8. The EU stops us from preventing dangerous criminals from coming to the UK
As I’ve explained in this post, EU Law allows for Member States to restrict the free movement of individuals with criminal convictions whose conduct represents a genuine, present and sufficiently serious threat affecting one of the fundamental interests of society. Therefore, if the UK can demonstrate this, it is entitled to deny entry to individuals with criminal convictions.
Furthermore, as I’ve mentioned above, the European Arrest Warrant specifically provides for individuals suspected of committing criminal offences to be arrested and extradited swiftly back to the country issuing the warrant.
9. If we stay in the EU, there is going to be a European army
I’ve seen this argument feature quite prominently in recent weeks. The position on this is simple: it cannot happen without the UK’s consent. [v] Article 42 of the Treaty on European Union states as follows:
“The common security and defence policy shall include the progressive framing of a common Union defence policy. This will lead to a common defence, when the European Council, acting unanimously, so decides. It shall in that case recommend to the Member States the adoption of such a decision in accordance with their respective constitutional requirements.“
The European Council is made up of the Heads of State/Government of all EU Member States. Therefore, any attempt to create an EU army (which, incidentally, I very much doubt would happen because many Member States are not in favour) could not take place without the UK, and all other Member States, consenting.
Furthermore, the European Union Act 2011 (a provision of UK law) provides that a referendum would have to be called if the UK were to hand further defence powers to the EU, so it is likely that we would be asked to vote on whether we want this to happen.
It is worth noting that the powers mentioned above have been used for EU Member States to conduct joint military operations (this is where various armies work together), but this is because the EU Member States have consented to this. Member States can choose to work together in military areas if they so wish, but any such initiatives are entirely optional, and the UK cannot be forced to join.
10. EU membership makes the UK more vulnerable to a terrorist attack
To be honest, I’m surprised I’m even having to respond to this one. I am amazed that the Leave campaign have sought to make the link between EU Membership and terrorism. It’s simply not true. As I’ve mentioned above, the UK benefits from a number of intelligence-sharing and other security arrangements which help it to be more secure. Moreover, the fundamental point is this: whether or not the UK is likely to be the subject of a terrorist attack does not depend on whether we leave or remain in the EU. Terrorists are not going to be influenced by whether or not we are a member of the EU.
Overall, these are the reasons I will be voting to remain on 23rd June, and I really hope you will too. However, whichever way you vote, all I ask is that you take the time to find out as many facts as you can before you make your decision. This is probably the biggest decision we’ll be asked to make in most of our lifetimes. Whichever way we vote will have an important impact on our future, so it is important to know exactly why you are voting one way or another.
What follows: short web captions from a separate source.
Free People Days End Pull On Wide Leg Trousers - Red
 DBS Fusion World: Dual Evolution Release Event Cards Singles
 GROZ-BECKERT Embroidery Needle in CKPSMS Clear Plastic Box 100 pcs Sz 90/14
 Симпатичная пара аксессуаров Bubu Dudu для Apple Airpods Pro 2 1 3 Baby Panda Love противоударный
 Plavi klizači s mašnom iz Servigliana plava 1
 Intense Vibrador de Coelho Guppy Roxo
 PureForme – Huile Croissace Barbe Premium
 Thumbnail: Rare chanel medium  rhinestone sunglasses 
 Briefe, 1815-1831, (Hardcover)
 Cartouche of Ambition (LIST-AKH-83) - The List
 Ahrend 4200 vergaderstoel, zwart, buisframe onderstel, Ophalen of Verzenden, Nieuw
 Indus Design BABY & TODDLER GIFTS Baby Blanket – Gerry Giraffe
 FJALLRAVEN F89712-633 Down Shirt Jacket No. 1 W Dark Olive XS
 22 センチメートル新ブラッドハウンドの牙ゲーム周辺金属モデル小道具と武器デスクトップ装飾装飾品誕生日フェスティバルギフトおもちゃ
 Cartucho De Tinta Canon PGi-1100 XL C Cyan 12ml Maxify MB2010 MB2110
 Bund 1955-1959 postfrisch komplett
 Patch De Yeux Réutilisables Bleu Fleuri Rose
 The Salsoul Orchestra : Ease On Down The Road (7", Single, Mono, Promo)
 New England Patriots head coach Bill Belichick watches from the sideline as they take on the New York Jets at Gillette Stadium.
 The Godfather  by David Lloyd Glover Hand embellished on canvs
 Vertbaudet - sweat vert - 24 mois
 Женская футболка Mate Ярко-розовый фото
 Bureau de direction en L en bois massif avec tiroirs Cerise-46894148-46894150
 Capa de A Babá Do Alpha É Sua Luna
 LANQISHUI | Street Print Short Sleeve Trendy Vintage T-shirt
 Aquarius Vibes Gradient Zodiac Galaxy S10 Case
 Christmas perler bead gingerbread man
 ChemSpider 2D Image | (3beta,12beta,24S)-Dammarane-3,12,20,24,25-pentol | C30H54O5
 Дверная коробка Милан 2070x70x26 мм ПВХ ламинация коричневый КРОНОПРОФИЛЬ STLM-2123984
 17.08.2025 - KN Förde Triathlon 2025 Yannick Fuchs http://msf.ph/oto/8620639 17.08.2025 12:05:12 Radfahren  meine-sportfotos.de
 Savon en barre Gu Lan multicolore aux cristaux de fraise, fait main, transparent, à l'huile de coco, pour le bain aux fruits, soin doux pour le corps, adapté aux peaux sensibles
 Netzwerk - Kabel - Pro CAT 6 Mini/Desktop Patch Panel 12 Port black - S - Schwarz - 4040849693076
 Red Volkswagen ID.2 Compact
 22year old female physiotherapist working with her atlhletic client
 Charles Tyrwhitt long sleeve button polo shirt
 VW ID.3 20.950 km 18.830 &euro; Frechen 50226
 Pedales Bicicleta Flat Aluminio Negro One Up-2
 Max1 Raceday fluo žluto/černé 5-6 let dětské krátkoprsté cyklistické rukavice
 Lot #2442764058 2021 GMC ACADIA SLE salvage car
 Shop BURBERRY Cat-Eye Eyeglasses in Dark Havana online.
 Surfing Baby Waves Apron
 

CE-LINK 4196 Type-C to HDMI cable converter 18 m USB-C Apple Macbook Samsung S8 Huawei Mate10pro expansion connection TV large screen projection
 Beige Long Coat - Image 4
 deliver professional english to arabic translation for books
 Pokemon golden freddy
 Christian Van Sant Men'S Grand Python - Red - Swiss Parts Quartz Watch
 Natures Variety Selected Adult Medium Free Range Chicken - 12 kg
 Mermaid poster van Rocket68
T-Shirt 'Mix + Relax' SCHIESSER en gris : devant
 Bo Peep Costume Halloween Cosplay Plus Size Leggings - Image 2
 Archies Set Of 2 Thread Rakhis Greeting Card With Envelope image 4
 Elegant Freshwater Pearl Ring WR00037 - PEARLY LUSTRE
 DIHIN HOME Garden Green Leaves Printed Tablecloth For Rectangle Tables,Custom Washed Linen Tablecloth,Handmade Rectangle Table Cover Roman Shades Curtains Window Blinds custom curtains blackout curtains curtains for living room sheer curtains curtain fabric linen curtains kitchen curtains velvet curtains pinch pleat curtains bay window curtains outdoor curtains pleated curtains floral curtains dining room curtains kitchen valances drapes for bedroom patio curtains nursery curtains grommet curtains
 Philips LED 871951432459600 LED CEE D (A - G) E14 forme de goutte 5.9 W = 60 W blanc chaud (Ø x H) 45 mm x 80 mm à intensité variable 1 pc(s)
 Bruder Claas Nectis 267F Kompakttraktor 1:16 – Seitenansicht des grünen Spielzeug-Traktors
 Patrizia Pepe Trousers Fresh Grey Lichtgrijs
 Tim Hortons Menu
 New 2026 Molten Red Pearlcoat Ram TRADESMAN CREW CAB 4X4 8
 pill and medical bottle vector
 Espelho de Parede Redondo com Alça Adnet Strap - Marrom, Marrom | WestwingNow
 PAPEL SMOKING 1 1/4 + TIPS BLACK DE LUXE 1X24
I have one final request (or maybe it is actually a few requests) – recent polls have indicated that people are most likely to listen to friends and family about this referendum, so do take the time to explain which way you are voting and why. Equally, if you’ve found any of my posts helpful, and I really hope they have been useful, please do share them (and I would also love to hear from you to know whether they have helped).
All that remains to be said is thanks so much for reading this (and indeed any of the posts on the blog). I started this as a means to explain how the EU works and detail my reasons for wanting to remain in the EU, and I have been really overwhelmed with the response, so thank you for that. I hope it’s been useful.